I would additionally not recommend trying to pipeline requests with the creation of a transaction - if the BEGIN call fails, you will execute the next query outside of a transaction which is probably not good.

If you are sure you need to pipeline these queries for performance reasons, I would at least recommend pre-prepared statements to avoid multiple round trips. At that point, you should be guaranteed that the queries will be sent in order of the first poll of their future.

maddyblue commented 2 years ago

The BEGIN example was contrived. My actual problem was I was already in a transaction and needed to execute some queries in order and wanted to pipeline them. All my statements are already prepared.

I wanted to use pipelining to stop waiting for network roundtrips for each Bind/Describe/Execute batch, but I don't think there's a way to do that correctly.

sfackler commented 2 years ago

If the statements are already prepared, then the queries should be guaranteed to execute in the order they were first polled, and it looks like the futures crate's try_join does poll in-order. If that's not the case, then it'd be great if you could put together a small self contained example of that and I can look into it.

maddyblue commented 2 years ago

https://github.com/sfackler/rust-postgres/blob/a624282bed658a53e7e09d194972a025c82dc3e0/tokio-postgres/src/client.rs#L370 is an await point in query_raw before the .send, which I think means even if try_join was polling its arguments in order, the actual query execution could still be in another order.

sfackler commented 2 years ago

into_statement returns a future that immediately resolves when working with a Statement: https://github.com/sfackler/rust-postgres/blob/8bb5712406c7c3c9763daa553de525cad55785d4/tokio-postgres/src/to_statement.rs#L17

maddyblue commented 2 years ago

My argument is that there should be documentation that either guarantees or does not guarantee statement execution order during pipelining because relying on a bunch of implementation details that don't seem to be documented guarantees is not helpful to users trying to write safe, fast code.

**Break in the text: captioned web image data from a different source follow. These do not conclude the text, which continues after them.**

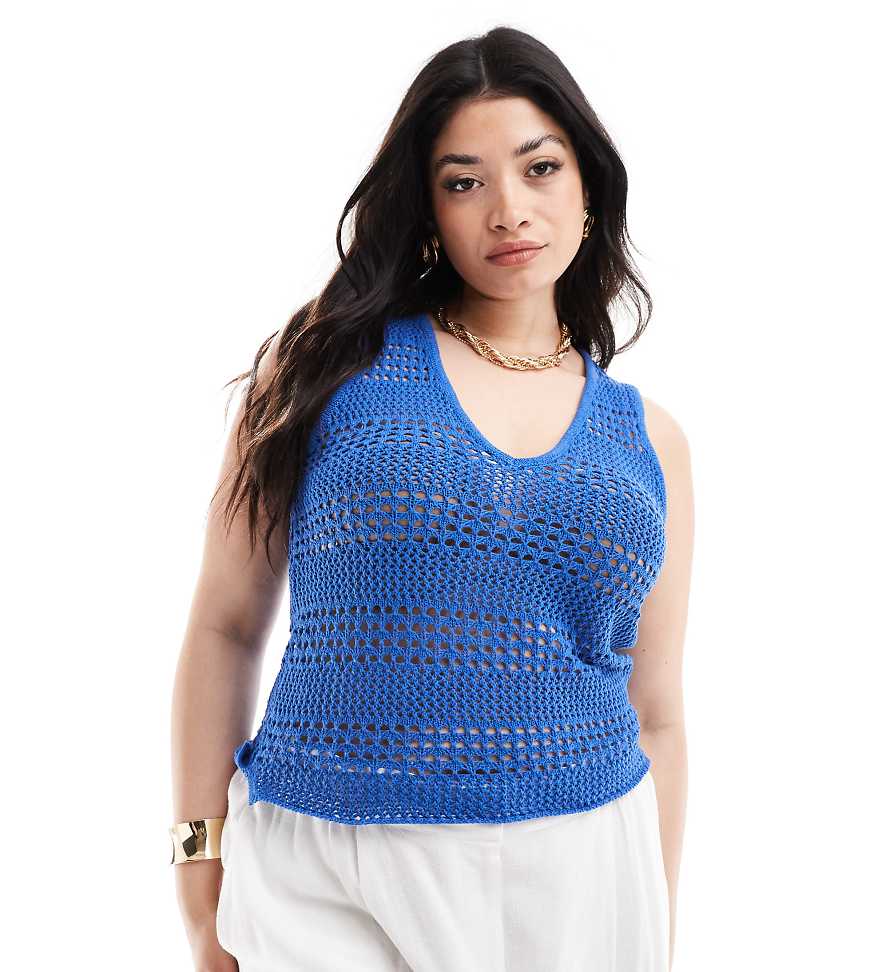 Noisy May Curve crochet tank top in bright blue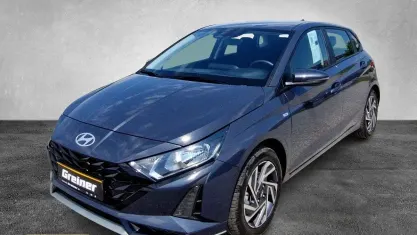 Gebraucht Hyundai i20 Trend 101 PS (74 kW) 2024 Aurora grey (metallic) Kleinwagen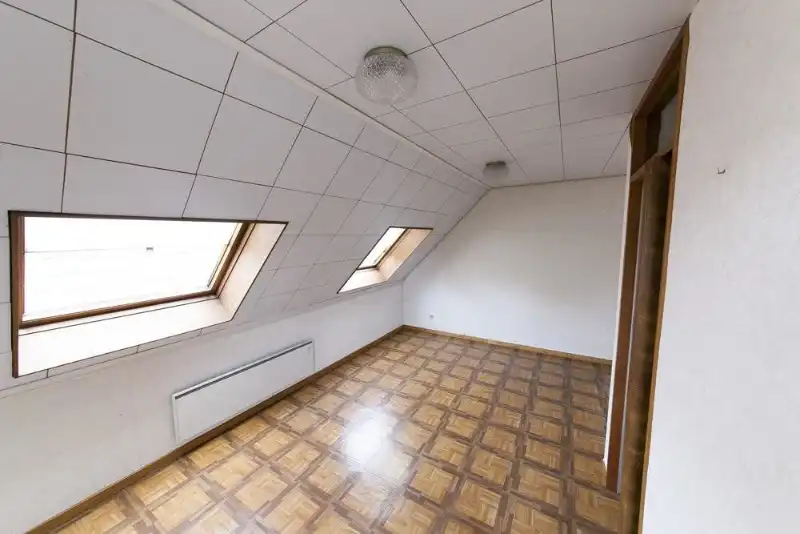 alleenstaande woning in het pittoreske Bekegem foto 23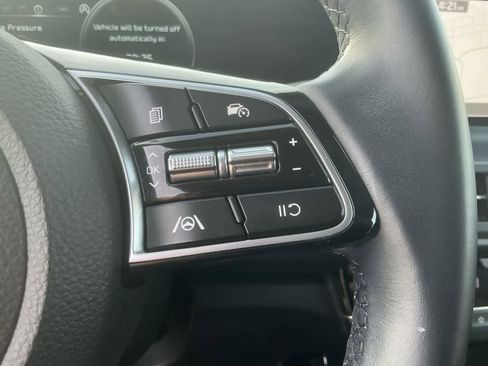 Used 2024 Kia Seltos EX image 22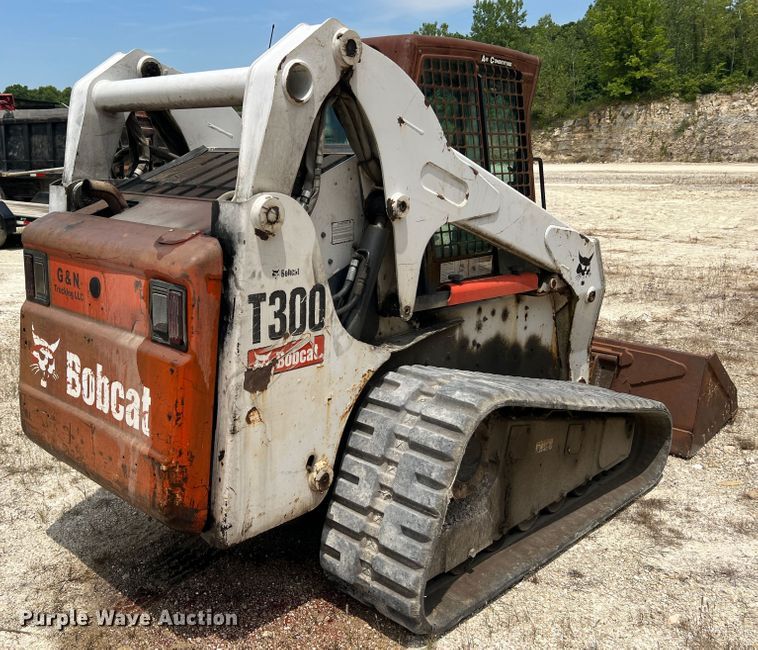 image for item JM9299 2007 Bobcat T300  skid steer loader
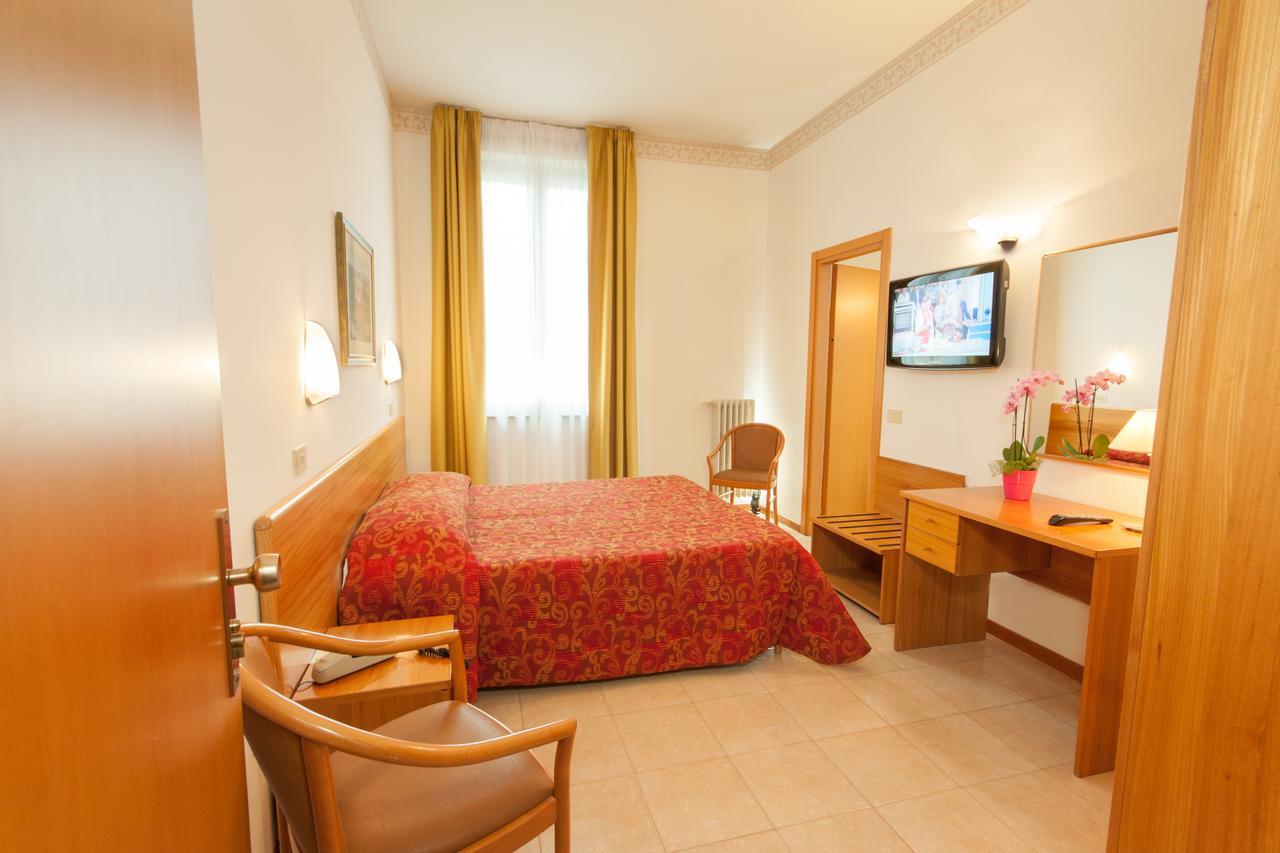 Albergo Vittoria Salsomaggiore Terme Eksteriør billede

Knowing exactly how async, await, try_for, and tokio_postgres internals work is a significant bar, and they can also change at any time. try_join for example happens to execute in a certain way, but does not guarantee it. tokio_postgres happens to have at least one internal await point that immediately resolves. Are there other await points before the send? Even if there weren't, does the send ordering have any guarantees on the receive side? I couldn't find those in the tokio docs. Knowing exactly what happens during immediately resolving await points also feels like some rust obscura that we all probably get subtly wrong sometimes. If we want pipelining to make things go fast, then it should document whether or not it comes with ordering guarantees so users can use it safely.

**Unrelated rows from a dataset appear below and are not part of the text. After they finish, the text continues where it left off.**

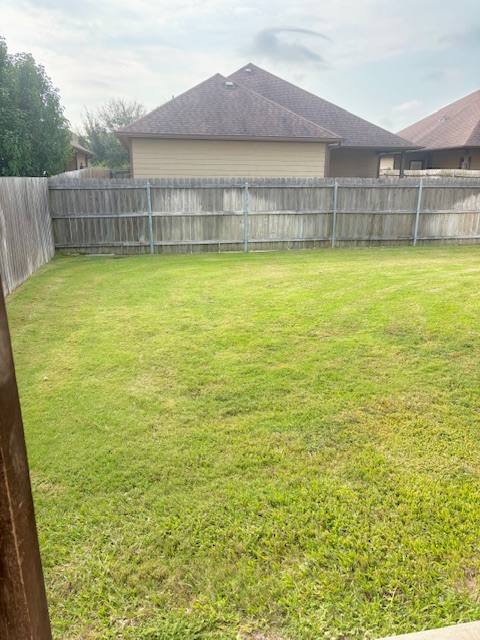 Apartment for rent at 3004 Papa Bear Dr, College Station, TX 77845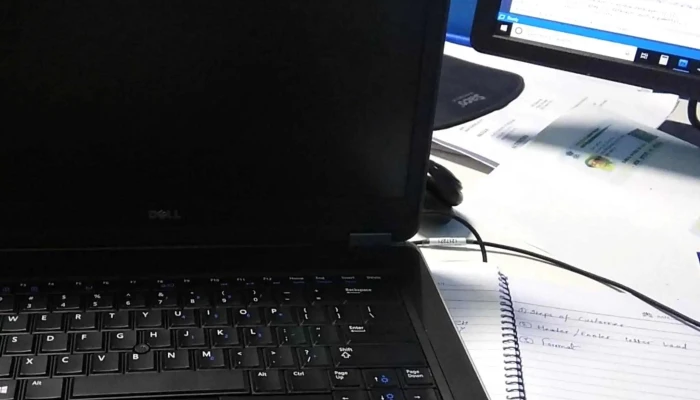 Old Laptop - Hisar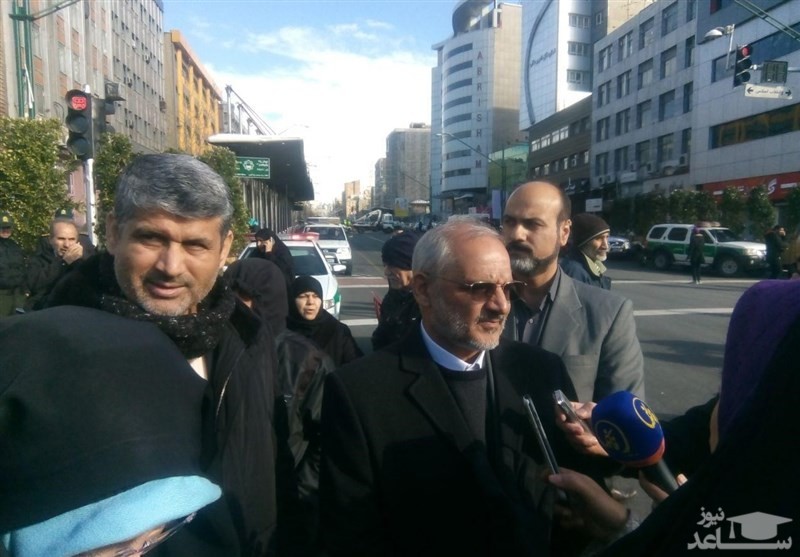 خبر خوش حاجی میرزایی به فرهنگیان در حاشیه راهپیمایی ۲۲ بهمن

sfackler commented 2 years ago

Even if there weren't, does the send ordering have any guarantees on the receive side?

Queries are executed in order, as the docs note: https://docs.rs/tokio-postgres/latest/tokio_postgres/#pipelining.

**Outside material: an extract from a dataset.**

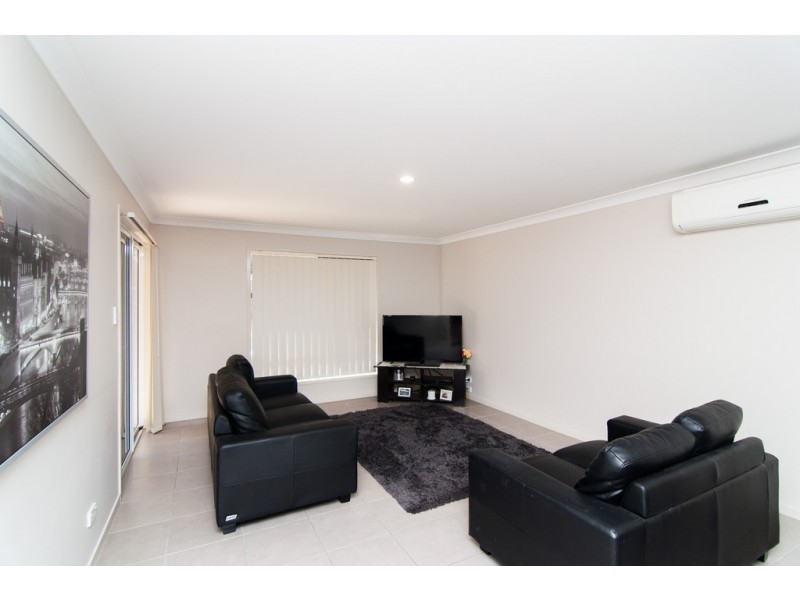 12 Yarrow Circuit, Griffin QLD 4503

maddyblue commented 2 years ago

Ah, the section above it about behavior does say this

Requests are executed in the order that they are first polled, not in the order that their futures are created.

This is about half of what I wanted, but I was looking for it in the wrong place. I do think the above sentence could be improved with an API change that guarantees the order at time of calling, not polling.

maddyblue commented 2 years ago

Attached is a program that doesn't execute statements in order of first poll. It achieves this by first using an unprepared statement which fires off a prepare request. The above comment about immediately resolving the to_statement future is not true for unprepared statements. In general it seems the documented claim only holds if there are no string statements preceding prepared statements in a join batch.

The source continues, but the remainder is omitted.